DATA RECORDS -
------------------------

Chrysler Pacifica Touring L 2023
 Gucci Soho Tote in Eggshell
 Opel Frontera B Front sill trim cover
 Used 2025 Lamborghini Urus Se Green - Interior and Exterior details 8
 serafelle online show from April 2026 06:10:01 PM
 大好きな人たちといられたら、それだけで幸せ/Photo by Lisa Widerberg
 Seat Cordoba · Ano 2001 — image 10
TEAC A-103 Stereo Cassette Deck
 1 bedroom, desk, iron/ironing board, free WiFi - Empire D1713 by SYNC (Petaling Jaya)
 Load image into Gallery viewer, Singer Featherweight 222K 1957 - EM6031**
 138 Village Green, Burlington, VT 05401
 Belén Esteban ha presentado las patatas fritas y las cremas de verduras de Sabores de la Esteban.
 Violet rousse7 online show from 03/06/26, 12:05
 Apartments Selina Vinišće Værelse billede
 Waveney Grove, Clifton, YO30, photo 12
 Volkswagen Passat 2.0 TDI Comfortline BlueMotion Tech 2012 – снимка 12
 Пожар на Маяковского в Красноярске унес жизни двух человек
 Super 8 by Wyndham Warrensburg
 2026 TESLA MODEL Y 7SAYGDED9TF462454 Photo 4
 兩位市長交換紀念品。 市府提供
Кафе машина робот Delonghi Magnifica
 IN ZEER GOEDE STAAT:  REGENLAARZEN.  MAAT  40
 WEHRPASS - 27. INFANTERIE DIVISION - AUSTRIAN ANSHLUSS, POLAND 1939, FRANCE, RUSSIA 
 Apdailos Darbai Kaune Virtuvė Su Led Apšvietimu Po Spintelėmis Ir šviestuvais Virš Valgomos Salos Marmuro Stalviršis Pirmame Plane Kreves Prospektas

------------------------

Copy out each line of the entries where the word "from" is found.

 serafelle online show from April 2026 06:10:01 PM
 Violet rousse7 online show from 03/06/26, 12:05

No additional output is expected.